Task item >> An exact copy of the entries is required, excluding any pictures.
##### Stored data
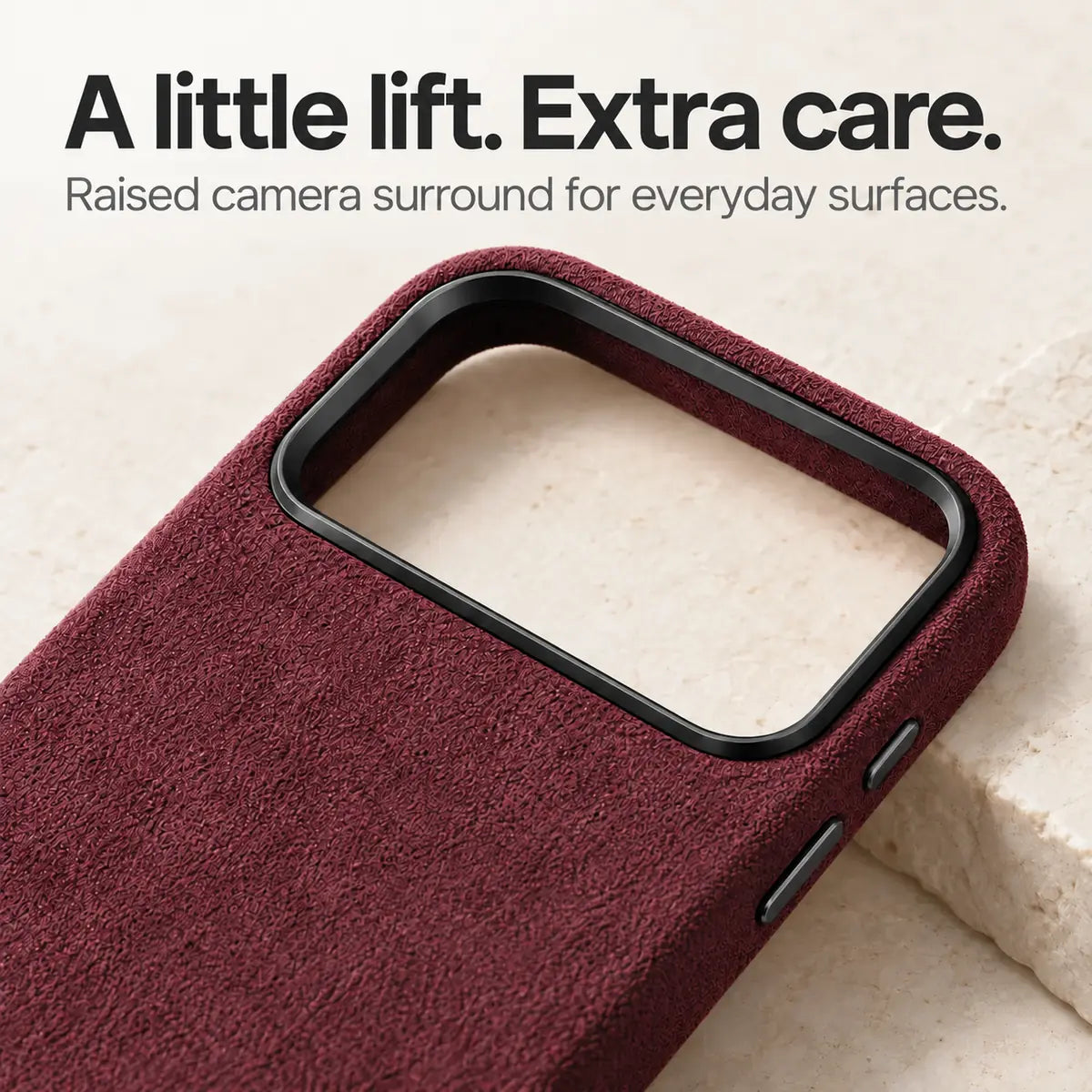 Burgundy fabric phone case with a close view of the raised camera surround. #color_Burgundy
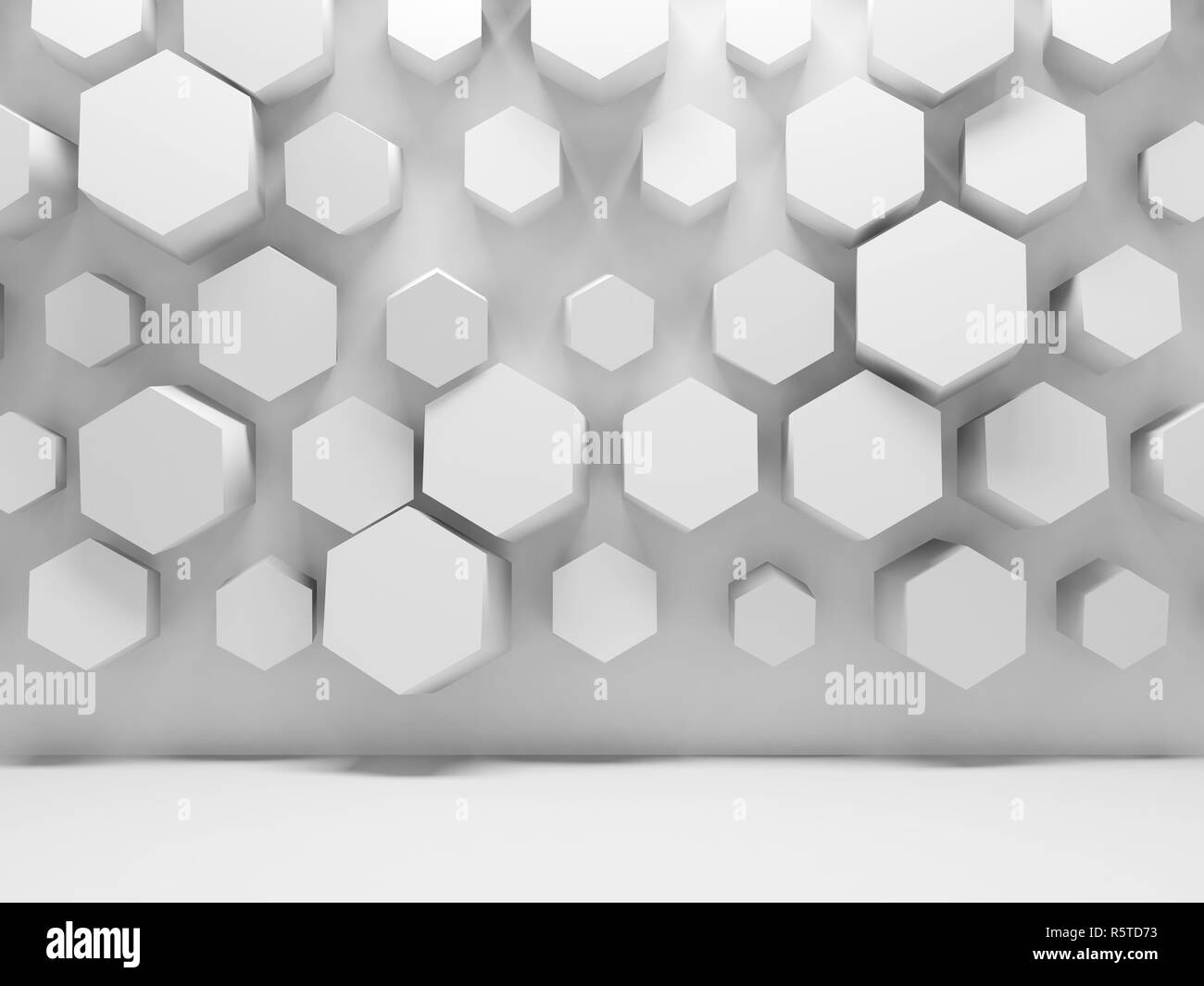Abstract blank white interior background with hexagonal pattern, 3d ...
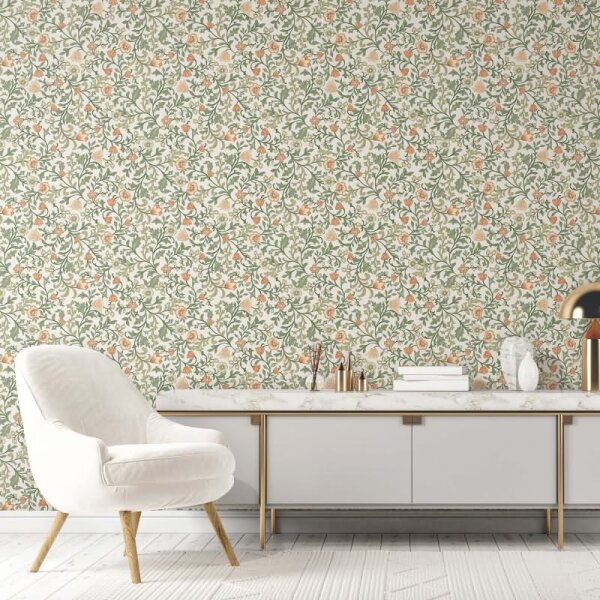 Vliestapete Blumen, Blattmotiv Floral Natur in Weiß für Wohnzimmer, Schlafzimmer, Lounge (47626)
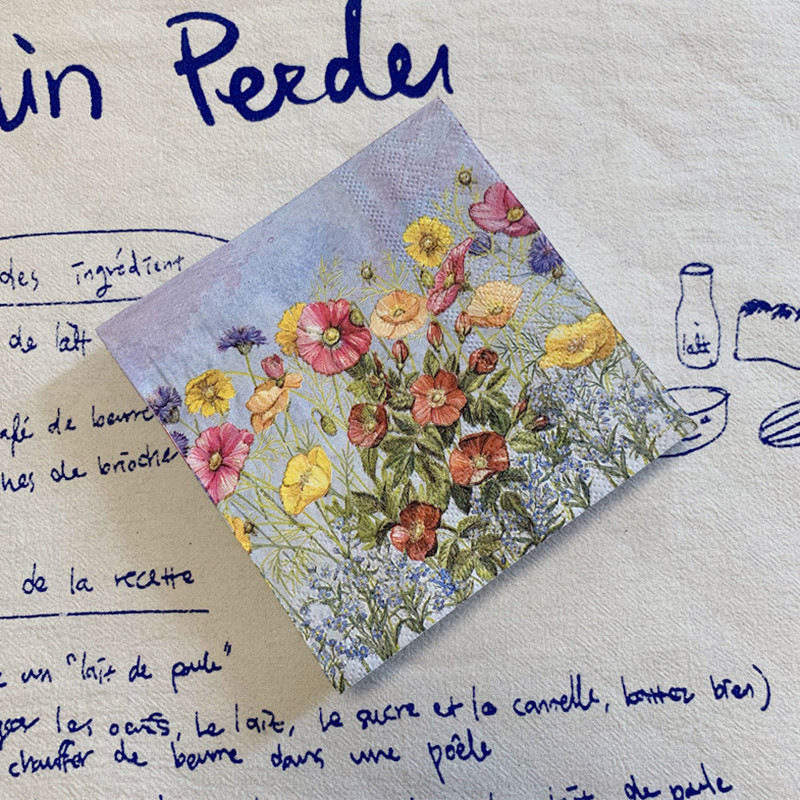 20db/táska Vintage vadvirág dekupázs papírszalvéták piros sárga virágos papírzsebkendők ünnepi étkészletekhez karácsonyi kellékek 25x25cm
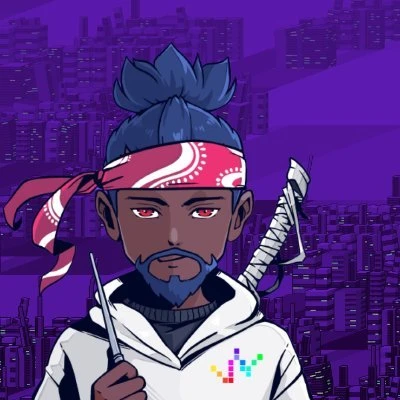 Zeneca's PFP, a man with a squiggle-inspired hoodie on a purple background.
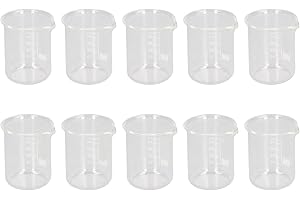 Tyenaza 10 Pezzi Misurino Graduato, Set di Becher in Vetro Borosilicato da 50ml, Becher Graduato da Laboratorio con Becchi, Vetreria Scientifica per Laboratori, Aule e Casa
##########
Written response >>
 Burgundy fabric phone case with a close view of the raised camera surround. #color_Burgundy
Abstract blank white interior background with hexagonal pattern, 3d ...
 Vliestapete Blumen, Blattmotiv Floral Natur in Weiß für Wohnzimmer, Schlafzimmer, Lounge (47626)
 20db/táska Vintage vadvirág dekupázs papírszalvéták piros sárga virágos papírzsebkendők ünnepi étkészletekhez karácsonyi kellékek 25x25cm
 Zeneca's PFP, a man with a squiggle-inspired hoodie on a purple background.
 Tyenaza 10 Pezzi Misurino Graduato, Set di Becher in Vetro Borosilicato da 50ml, Becher Graduato da Laboratorio con Becchi, Vetreria Scientifica per Laboratori, Aule e Casa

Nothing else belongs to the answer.